WALLER, Circuit Judge.

Appellants were indicted, tried, and convicted, for an alleged violation of Sec. 20 of the Criminal Code, being Sec. 52, of Title 18 U.S.C.A., and for a conspiracy to violate said Sec. 52 of Title 18. It was alleged that the appellant Screws, while sheriff of Baker County, Georgia, and appellant Jones, while acting as a policeman of the City of Newton, in Baker County, Georgia, both aided and abetted by appellant Kelley, did, under color of the law of Georgia, arrest or cause one Robert Hall, a negro citizen of the United States and of the State of Georgia, to be arrested, and brought into the courthouse yard of Baker County, where said Robert Hall was beaten over the head with a blackjack by defendants, from which the death of the said Robert Hall resulted. The substantive offense, alleged in Count 2, was that the appellants were acting under color of the law of the State of Georgia and deprived the said Robert Hall of rights, privileges, and immunities secured or protected by the Constitution and laws of the United States, among other things the right to be secure in his person and to be immune from illegal assault and battery; the right and privilege not to be deprived of life and liberty without due process of law; the right and privilege not to be deprived of the equal protection of the law; the right to be tried, upon the charge upon which he was arrested, by due process of law; and the right and privilege not to be subjected to different punishments, by reason of his race and color, than are prescribed for the punishment of other citizens.

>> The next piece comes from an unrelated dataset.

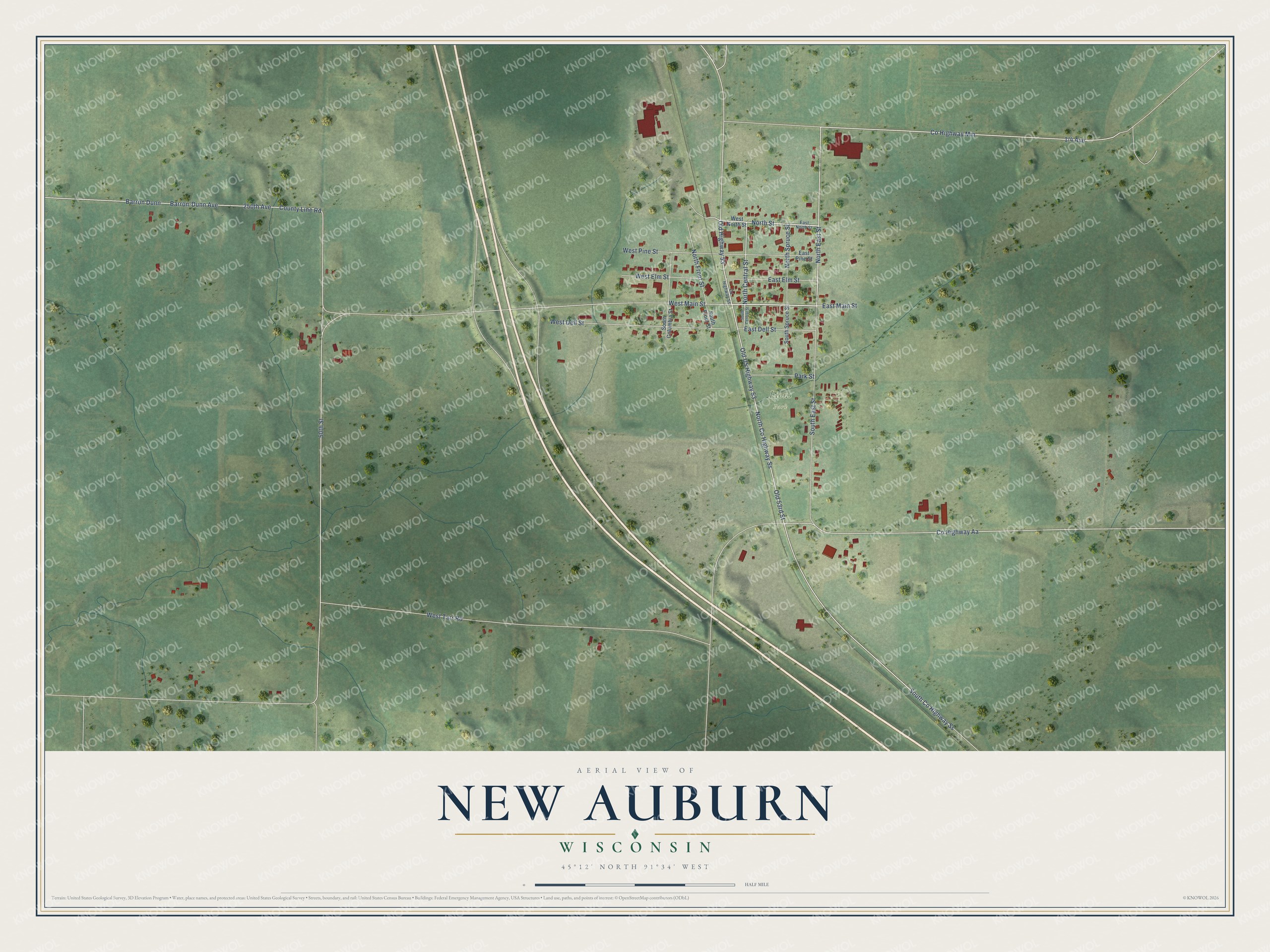 Full map of New Auburn, Wisconsin, with red buildings, printed street names and the land around them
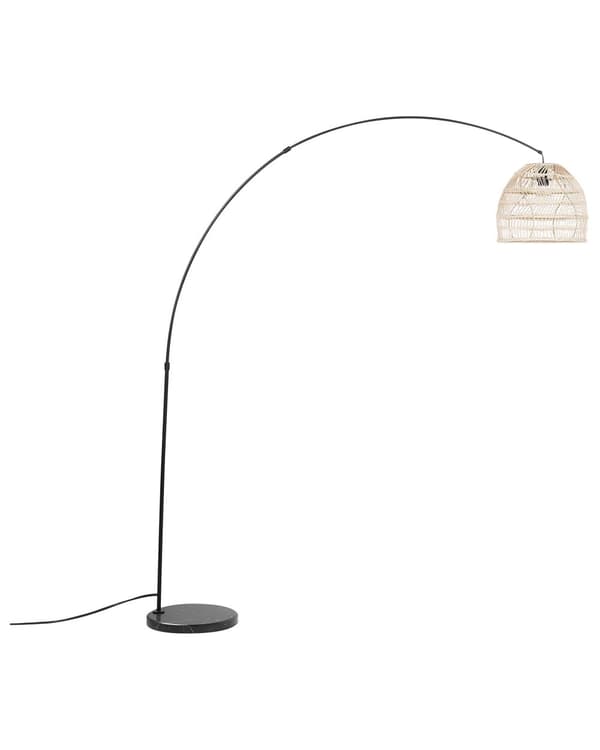 Gulvlampe Sort og Beige Metal Mat Pulverlakeret og Rattan 195 cm Buet Stel med Åben Skærm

The third count in the indictment charged a conspiracy to commit the offense charged in the second count

[664]*664Appellants challenged by demurrer the jurisdiction of the court below, asserting that in the killing of Hall and the doing of the other acts charged in the indictment they did not violate Section 52 of Title 18 because the rights, privileges, and immunities enumerated in the indictment are “fundamental or natural rights” which do not have their origin in the Constitution and laws of the United States; that these natural and inalienable rights find their source in the sovereignty of the States, whose duty it is to secure and protect these rights, and that the beating and killing of Hall deprived him of rights afforded by the State rather than by the Constitution and laws of the United States; secondly, it was asserted that the 14th Amendment to the Constitution was a prohibition against deprivation by the State of the life, liberty, or property of any person without due process of law, or against the deprivation by the State of the equal protection of the law to any person within its jurisdiction, and that the prohibitions of the 14th Amendment were not applicable to the individual or personal acts of a citizen; and, thirdly, that Section 52 could not be applied to situations where a sheriff or other State officer was acting contrary to and against the positive prohibition of State law.

Does Sec. 52, Title 18, U.S.C.A., confer jurisdiction upon the federal court to try a sheriff, a policeman, and another (who aided and abetted the two officers) for unlawfully beating to death one under arrest and in custody of such officers, on the theory that such beating and consequent death was done under color of State law and was a willful deprivation of rights, privileges, and immunities secured or protected to the deceased by the Constitution and laws of the United States?

The pertinent part of the 14th Amendment to the Constitution provides: “No State shall make or enforce any law which shall abridge the privileges or immunities of citizens of the United States; nor shall any State deprive any person of life, liberty, or property, without due process of law; nor deny to any person within its jurisdiction the equal protection of the laws.” Section 5 of the 14th Amendment provides that: “The Congress shall have power to enforce, by appropriate legislation, the provisions of this article”, pursuant to which, and in order to implement the 14th Amendment, Congress enacted what has now come to be Sec. 52 of Title 18, U.S.C.A., which is as follows: “Whoever, under color of any law, statute, ordinance, regulation, or custom, willfully subjects, or causes to be subjected, any inhabitant of any State, Territory, or District to the deprivation of any rights, privileges, or immunities secured or protected by the Constitution and laws of the United States, or to different punishments, pains, or penalties, on account of such inhabitant being an alien, or by reason of his color, or race, than are prescribed for the punishment of citizens, shall be fined not more than $1,000, or imprisoned not more than one year, or both.”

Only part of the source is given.